* [ASSIGNED TASK] Hand back the entries exactly as written, minus every picture.

Collection entries
**********
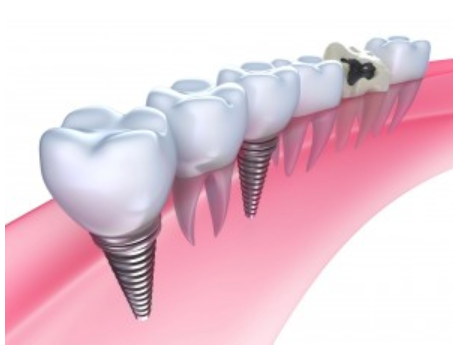All On Four Dental Implants Long Island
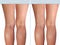 Female healthy leg and the affected varicose veins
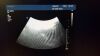 PHILIPS C9-4 convex Ultrasound Transducer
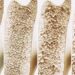Osteoporose: ortopedista revela hábito surpreendente que mais prejudica seus ossos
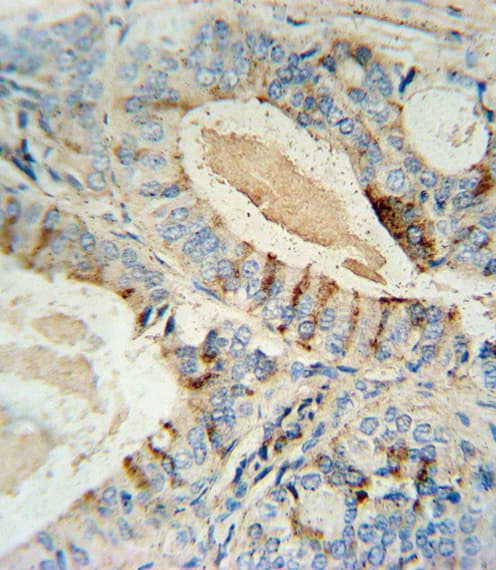 GCNT2 Antibody (aa364-391)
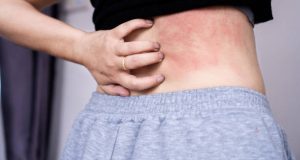 Close-up of irritated skin with red hives on a person's lower back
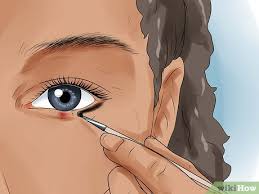 how to get rid of a stye 11 steps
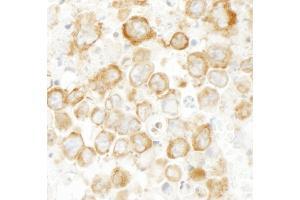 Immunohistochemistry (IHC) image for anti-Cytoskeleton-Associated Protein 4 (CKAP4) (AA 500-550) antibody (ABIN7448940) (CKAP4 抗体  (AA 500-550))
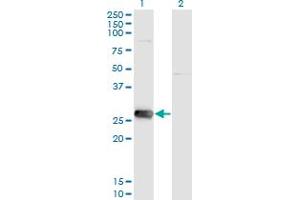 Western Blot analysis of SIRT3 expression in transfected 293T cell line by SIRT3 monoclonal antibody (M09), clone 1A4. (SIRT3 Antikörper  (AA 297-399))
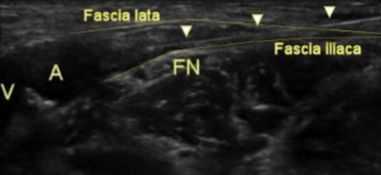 末梢神経ブロック,神経ブロック,エコーガイド,動画,画像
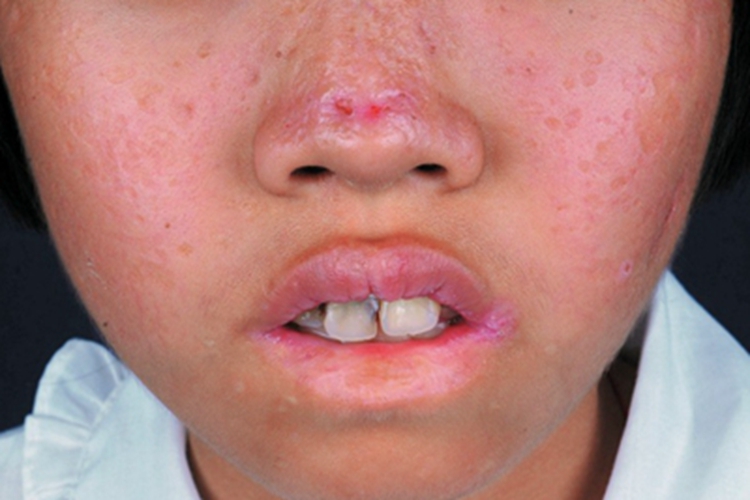 痘疮样水疱病面部瘢痕图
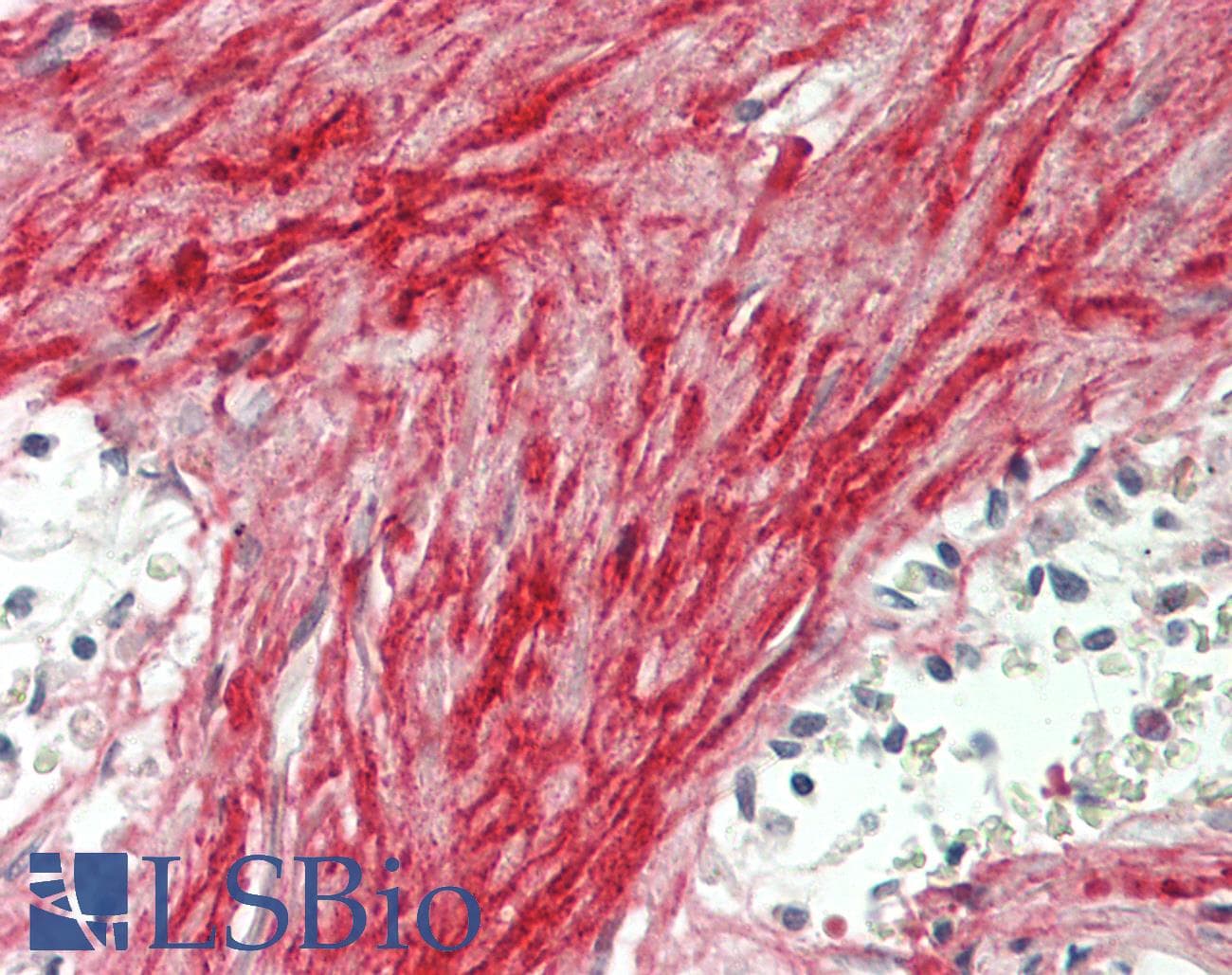 Polyclonal Rabbit anti-Human BGN / Biglycan Antibody (aa230-366, IHC, WB)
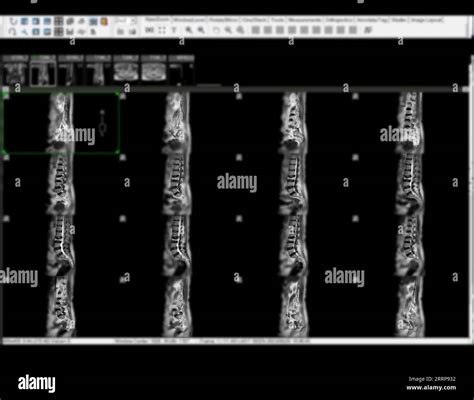 MRI L-S spine or lumbar spine sagittal view for diagnosis spinal cord compression Stock Photo ...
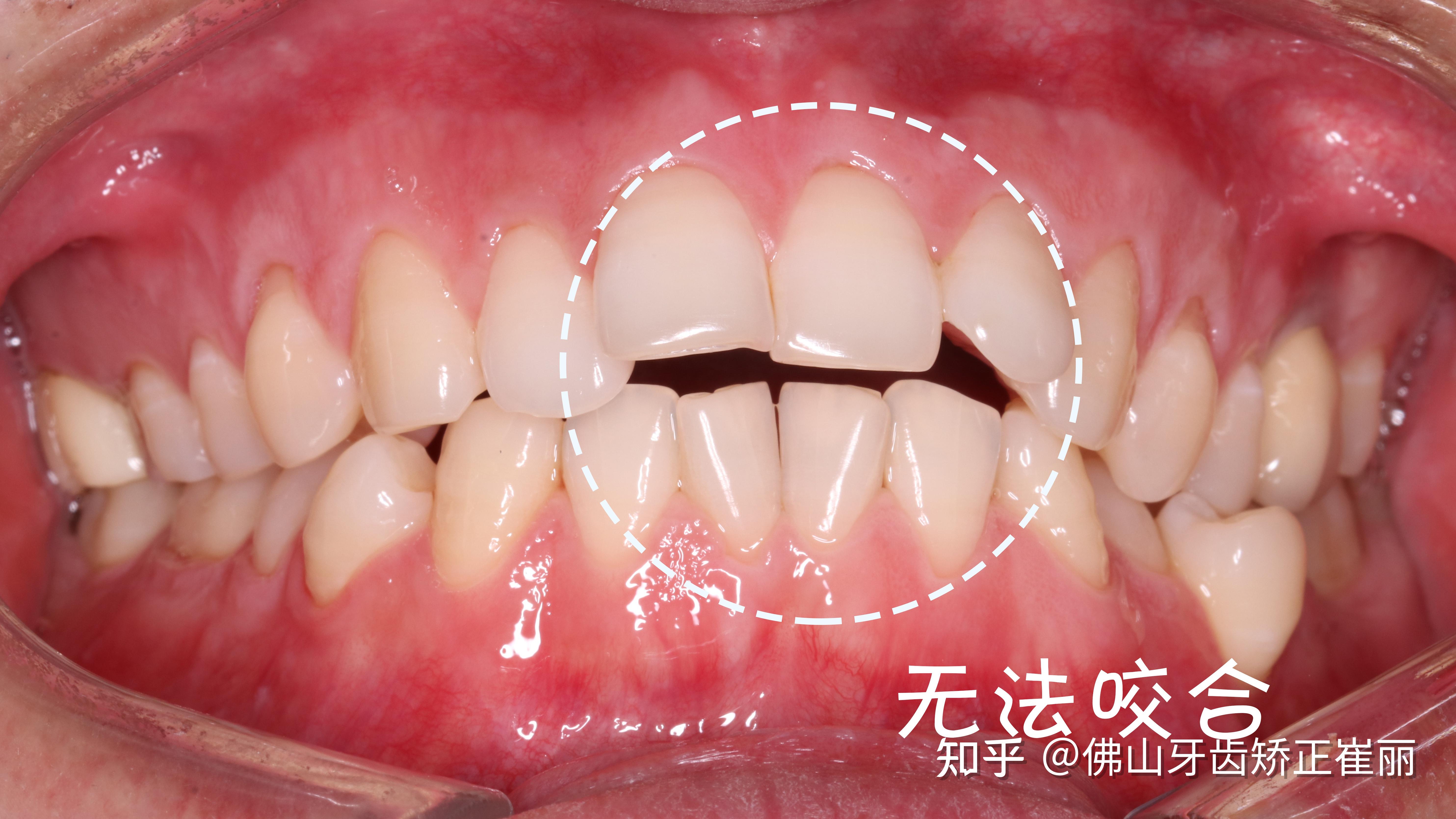 佛山牙齿矫正丨咬不断面条的开颌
**********
* [EXPECTED OUTPUT]
All On Four Dental Implants Long Island
 Female healthy leg and the affected varicose veins
 PHILIPS C9-4 convex Ultrasound Transducer
Osteoporose: ortopedista revela hábito surpreendente que mais prejudica seus ossos
 GCNT2 Antibody (aa364-391)
 Close-up of irritated skin with red hives on a person's lower back
 how to get rid of a stye 11 steps
 Immunohistochemistry (IHC) image for anti-Cytoskeleton-Associated Protein 4 (CKAP4) (AA 500-550) antibody (ABIN7448940) (CKAP4 抗体  (AA 500-550))
 Western Blot analysis of SIRT3 expression in transfected 293T cell line by SIRT3 monoclonal antibody (M09), clone 1A4. (SIRT3 Antikörper  (AA 297-399))
 末梢神経ブロック,神経ブロック,エコーガイド,動画,画像
 痘疮样水疱病面部瘢痕图
 Polyclonal Rabbit anti-Human BGN / Biglycan Antibody (aa230-366, IHC, WB)
 MRI L-S spine or lumbar spine sagittal view for diagnosis spinal cord compression Stock Photo ...
 佛山牙齿矫正丨咬不断面条的开颌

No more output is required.